Road tennis
- Highest governing body: Professional Road Tennis Association
- First played: 1930s

Characteristics
- Contact: No
- Type: Outdoor
- Equipment: Wooden "net", bald tennis ball, wooden rackets
- Venue: Road or court

= Road tennis =

Variation of tennis invented in Barbados

Road tennis is a variation of tennis invented in Barbados in the 1930s by primarily local working class Barbadians who could not afford to play lawn tennis.
Though mainly concentrated in the island nation of Barbados, it has been since further introduced to California and the wider Caribbean. It is often played on public residential roads or at schools, community centres and recreational areas around the island where most road tennis courts are located, either on asphalt or concrete pavement surfaces.

==Equipment==

The game is played using two wooden rackets and one tennis ball with the fur removed.

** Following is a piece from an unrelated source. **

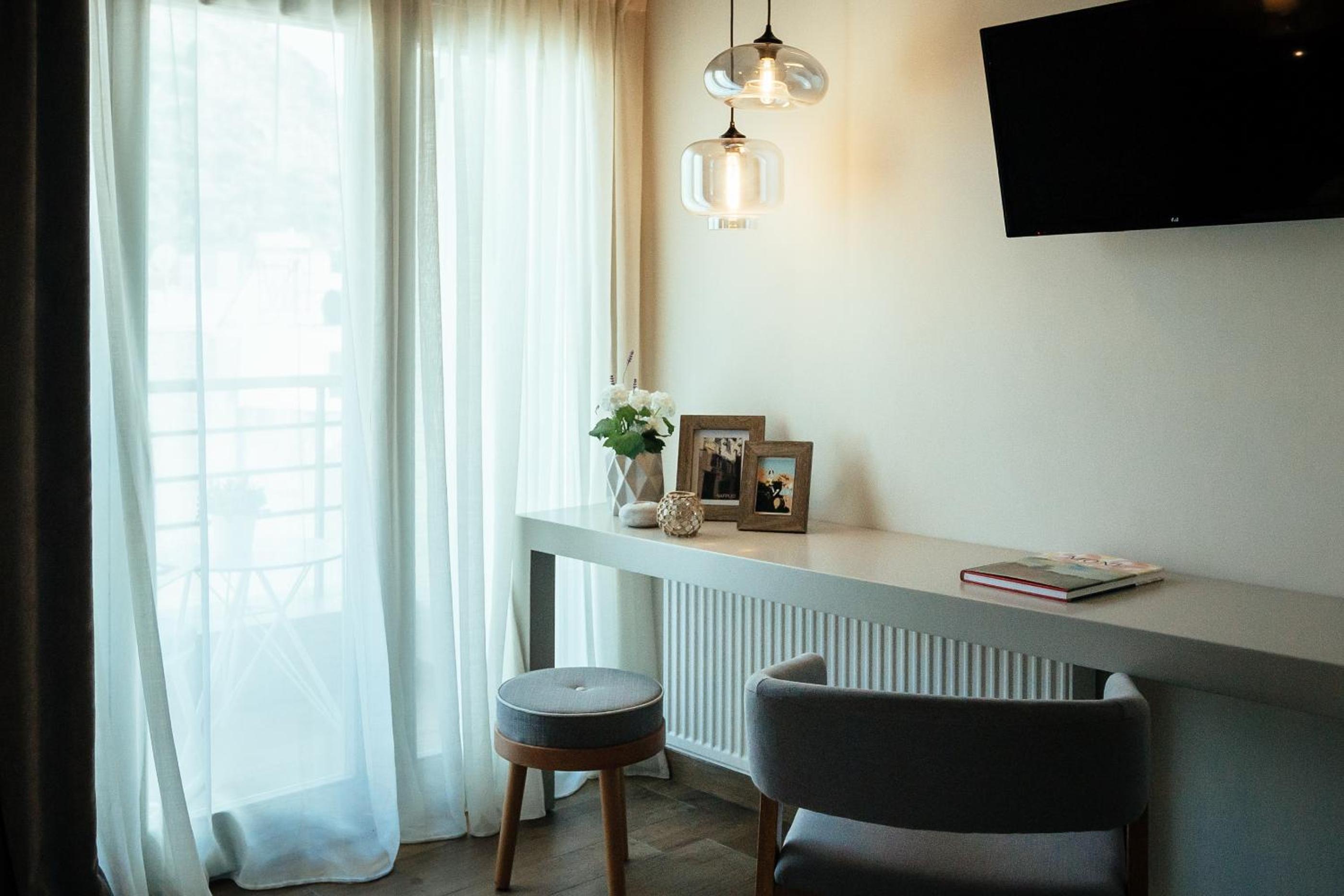 Filoxenion Luxury Rooms & Lofts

An eight-inch-high plank wood net is used on the court or road, which requires 21x10 feet of space to play.

== Rules ==
The first player to 21 points is declared the winner. There are no volleys in the game and the server alternates after five points have been scored. Similar to table tennis, each serve must bounce once in the server's court.

Some popular competitions include Monarch of the Court in Barbados. The governance for the sport is the Professional Road Tennis Association.

Champions

The player with the most attained tournament wins is Julian “Michael Jackson” White, other known as "The World Boss".